Auction Algorithms for Market Equilibrium with Weak Gross Substitute Demands

TL;DR

This paper introduces a simple auction algorithm for approximate market equilibrium in Arrow-Debreu markets with weak gross substitutes demands, leveraging a price update oracle, and applies it to approximate Nash social welfare solutions.

Contribution

It presents a novel auction algorithm for WGS demands using a price oracle, and provides the first polynomial-time approximation for a relaxed Nash social welfare problem.

Findings

Efficient auction algorithm for WGS demands with a price oracle.

Polynomial-time approximation for Nash social welfare with capped utilities.

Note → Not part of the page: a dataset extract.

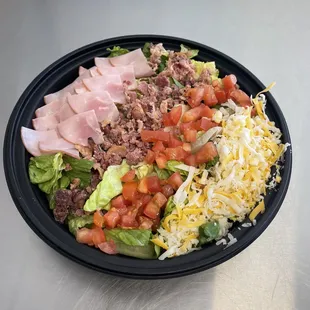 Club salad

Implementation of specific oracles for bounded elasticities and Gale demand systems.

Abstract

We consider the Arrow--Debreu exchange market model under the assumption that the agents' demands satisfy the weak gross substitutes (WGS) property. We present a simple auction algorithm that obtains an approximate market equilibrium for WGS demands assuming the availability of a price update oracle. We exhibit specific implementations of such an oracle for WGS demands with bounded price elasticities and for Gale demand systems. As an application of our result, we obtain an efficient algorithm to find an approximate spending-restricted market equilibrium for WGS demands, a model that has been recently introduced as a continuous relaxation of the Nash social welfare (NSW) problem. This leads to a polynomial-time constant factor approximation algorithm for the NSW problem with capped additive separable piecewise linear utility functions; only a pseudopolynomial approximation algorithm was known for this setting previously.